§ EXERCISE AIM
A verbatim repeat of the lines below is required, with the pictures removed.

§ INPUT DATA
*** Block opens ***
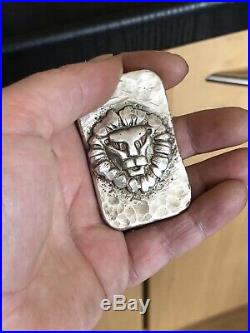 Hand poured. 999fs Pure Solid Silver Bullion Lion Bar Hammered 4ozt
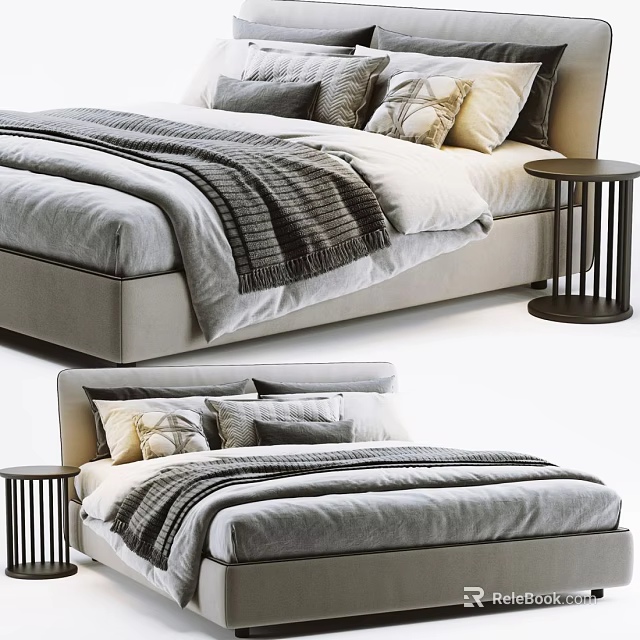 Modern Upholstered Double Bed With Soft Bedding Decorative Pillows And Nightstand 3d model 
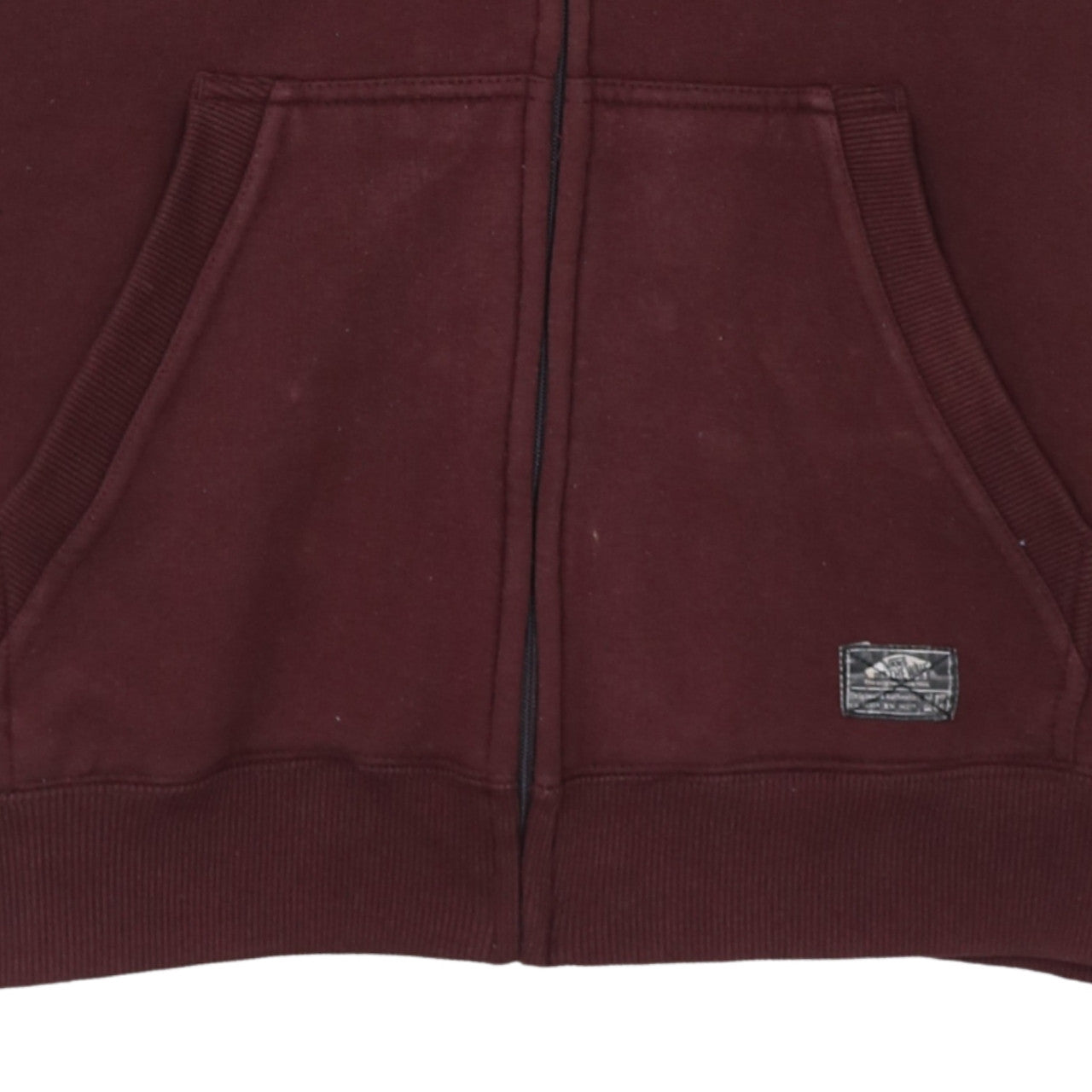 Vans Men Burgundy Full Zip Hoodie Medium Cotton Blend Logo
*** Block closes ***
§ RESPONSE AREA
 Hand poured. 999fs Pure Solid Silver Bullion Lion Bar Hammered 4ozt
 Modern Upholstered Double Bed With Soft Bedding Decorative Pillows And Nightstand 3d model 
 Vans Men Burgundy Full Zip Hoodie Medium Cotton Blend Logo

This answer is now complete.